Jodi, you are just the perfect model of health 

Now me I drink moonshine,  shots of Jack Daniels,  Heinekin Beer, and coke (All in moderation of course).  

And the perfect delivery system for creatine... "Moonshine".  Just don't like a match afterwards


----------



## Randy (May 25, 2004)

> _*Originally posted by aztecwolf *_
> Sodas taste like ass to me and i don't ever see the need to drink crystal light or other junk like that



Aztec,

You taste ass often?   

Sorry I couldn't resist that one


----------



## atherjen (May 25, 2004)

water, herbal decaf teas, lemon water, coffee and hey how about more WATER!


----------



## I Are Baboon (May 25, 2004)

Water water and more water.  I also drink a 20oz coffee pretty much every morning.

I hear ya about getting sick of water though.  Sometimes I want something with a little flavor.  Then I'll opt for a Diet Coke or a Gatorade (100 calories in a bottle of Gatorade).

Oh yeah, and beer.


----------



## BigBallaGA (May 25, 2004)

H 2 0


----------



## Paynne (May 25, 2004)

I can taste the difference between filtered water and spring water...and most tap waters taste like crap to me.  Make sure you get some good spring water, Deer Park is my favorite,  and that helps a lot.  Add some lemon or lime to it.  Or get a sparkling water. I've gotten so used to drinking it that I crave it.


----------



## BigBallaGA (May 25, 2004)

PERRIER too


----------



## sara (May 25, 2004)

Fat-free Sugar Free Hot Cocoa!!! 
Tea
Water


----------



## Stacey (May 25, 2004)

I drink Water, Lemon Water, One Diet Coke a day, & sometimes Diet Arizona Green Tea


----------



## cappo5150 (May 25, 2004)

Thanks for all your suggestions. I guess I will try the water with lemon.  I can't drink milk with a meal or by itself, the taste will make me puke.  But I can have it with a protien shake or cereal with no problem.


----------



## Jill (May 25, 2004)

Diet iced tea, crystal light, or water!


----------



## TGame (May 25, 2004)

Lots of water, diet Arizona Green tea, Half decaf coffee, and sometimes diet Snapple teas.


----------



## rockcrest (May 25, 2004)

> _*Originally posted by CowPimp *_
> I drink water, milk, and juice.  What's wrong with juice?  Sometimes I will drink juice to cover a fluid and a fruit for a meal.  I know there is sugar in juice, but if you're bulking it shouldn't be a problem.  As well, the sugar is not the same as the sugar you find in soda.

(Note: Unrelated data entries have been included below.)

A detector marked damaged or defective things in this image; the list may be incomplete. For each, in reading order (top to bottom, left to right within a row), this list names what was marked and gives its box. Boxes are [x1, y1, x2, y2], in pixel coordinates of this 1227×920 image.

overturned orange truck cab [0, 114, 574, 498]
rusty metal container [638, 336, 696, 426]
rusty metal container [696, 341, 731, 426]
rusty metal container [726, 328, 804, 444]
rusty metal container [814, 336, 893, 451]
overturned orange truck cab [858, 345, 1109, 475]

i stay away from juice because of the high fructose corn syrup and of course the sugar.  i pretty much only drink water.  when i'm out a club lately i've been drinking seltzer w/ lemon.  i have a few beers or a scotch every 2 weeks or so


----------



## aztecwolf (May 25, 2004)

> _*Originally posted by Randy *_
> Aztec,
> 
> You taste ass often?
> ...


hey man you do some crazy stuff while in college in Mexico


----------



## Randy (May 25, 2004)

Yeah,  I can imagine Aztec


----------



## LAM (May 25, 2004)

> _*Originally posted by cappo5150 *_
> I've cut out sodas and juice from my diet. I'm getting tired of having water with my meals, I need something else.  What else do you all drink with your meals?  I've bought some crystal light, but I need some more suggestions. Also, I'm not a big fan of diet sodas.

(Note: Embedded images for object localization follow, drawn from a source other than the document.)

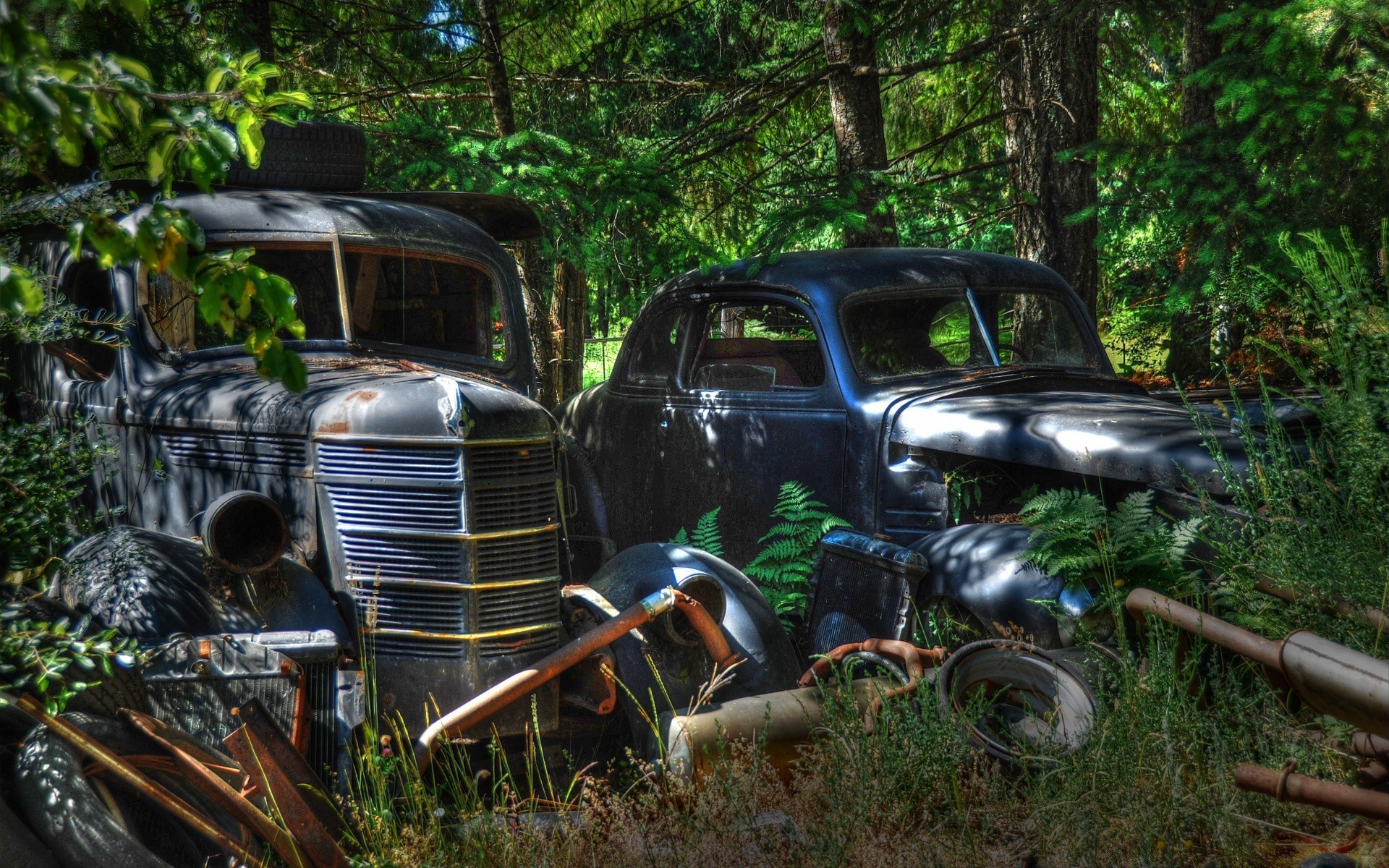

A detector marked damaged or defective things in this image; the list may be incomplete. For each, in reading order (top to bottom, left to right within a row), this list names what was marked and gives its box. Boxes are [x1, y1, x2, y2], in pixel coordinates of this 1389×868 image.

broken windshield frame [137, 230, 511, 366]
rusty metal pipe [669, 591, 739, 666]
rusty pipe elbow [672, 586, 739, 666]
rusty metal pipe [1122, 586, 1283, 666]
rusty metal pipe [417, 586, 677, 766]
rusty metal pipe [9, 692, 271, 867]
rusty metal pipe [1239, 761, 1389, 822]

I drink water 90% of the time, the rest is either green tea and at night sometimes I use crystal light to kill the carb cravings...


----------



## plouffe (May 25, 2004)

Diet Pepsi, Milk, Water, Poweraid


----------



## aztecwolf (May 25, 2004)

poweraid is nasty plouffe, you like that stuff?


----------



## Randy (May 25, 2004)

Can I call upon one of you model citizens to be my designated driver sometime?


----------



## Muscle_Girl (May 26, 2004)

I heard about that Koolaid stuff, the Koolaid jammers stuffs, with "electrolytes", I am aware of what electrolytes are, but do you think this stuff actually is good for you, apparently has only 10 calories in each package of the ready-made drinks. I have tried it, its not as sugary as the original koolaid, but tastes better than powerade and gatorade to me.


----------



## plouffe (May 26, 2004)

> _*Originally posted by aztecwolf *_
> poweraid is nasty plouffe, you like that stuff?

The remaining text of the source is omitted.